▶ [Data excerpts]:
··········

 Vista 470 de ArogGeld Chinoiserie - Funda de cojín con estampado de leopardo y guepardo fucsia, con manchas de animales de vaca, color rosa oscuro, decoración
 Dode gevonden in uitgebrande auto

··········

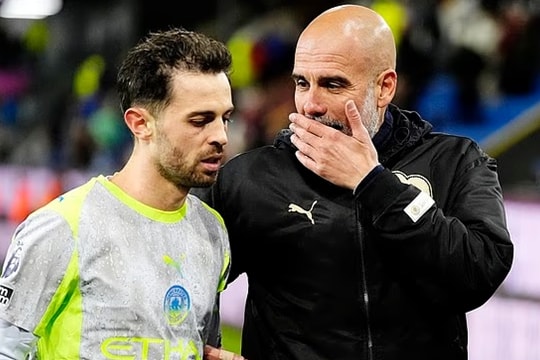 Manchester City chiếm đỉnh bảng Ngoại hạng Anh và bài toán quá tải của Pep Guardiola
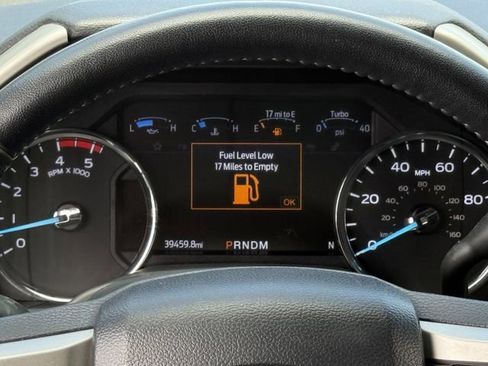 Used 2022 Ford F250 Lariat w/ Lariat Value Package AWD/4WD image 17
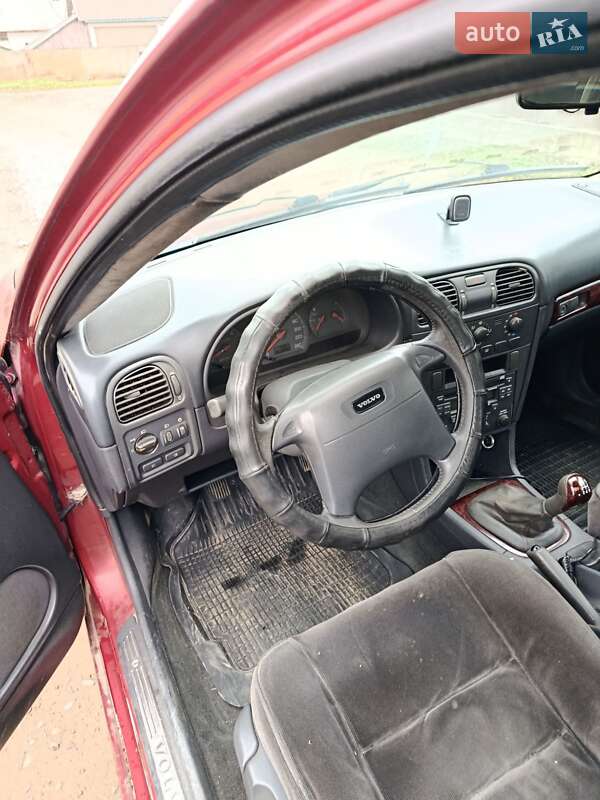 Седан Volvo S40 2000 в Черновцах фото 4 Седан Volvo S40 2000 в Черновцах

··········

▶ [What the task requires]: In the data above, start at the line that has "Vista 470 de", stop after the line that has "Dode gevonden in uitgebrande auto", and print every line in between exactly as it stands.

▶ [Task output]:
 Vista 470 de ArogGeld Chinoiserie - Funda de cojín con estampado de leopardo y guepardo fucsia, con manchas de animales de vaca, color rosa oscuro, decoración
 Dode gevonden in uitgebrande auto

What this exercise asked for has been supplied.